Third, AHPETC shifts the blame to the Ministry of National Development (MND) for withholding $14 million in grants.

But AHPETC is disingenuous in not admitting that it is the only town council with qualified accounts.

The Auditor-General’s report found that the AHPETC’s accounts cannot be relied upon, and that there can be “no assurance that… public funds are properly spent, accounted for and managed”.

Under such circumstances, it would be irresponsible for MND to disburse the grants to AHPETC without safeguards.

Furthermore, as the court noted, “MND was willing to consider releasing half of the FY14/15 grants-in-aid, subject to conditions”.

“However, AHPETC never accepted this offer. If AHPETC has anyone to blame for failing to make the transfers on time, it was itself.”

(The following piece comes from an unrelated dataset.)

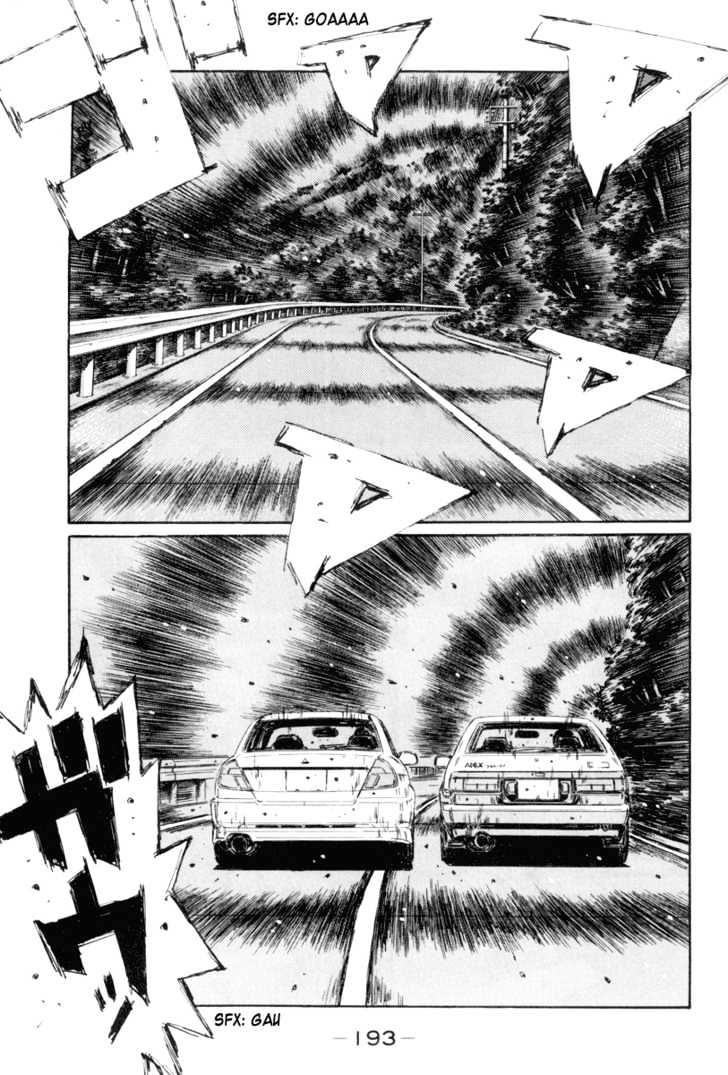 Initial D Vol.27 Chapter 356 : A Conclusion! And A Dilemma! - Picture 2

Fourth, AHPETC’s letter suggests that its officers are not guilty of any illegal acts, since no one has been charged.

But it fails to mention the court finding that if similar lapses were committed by people managing a private building or condominium, or officers running a public-listed company, there would be civil, or even criminal, action against them.

The Workers’ Party’s handling of this saga speaks volumes of its dishonesty. Faced with tough questions, it always ducks.

It is, therefore, no surprise that the court found Ms Lim guilty of suppressio veri, suggestio falsi, which, in legal terms, amounts to fraud.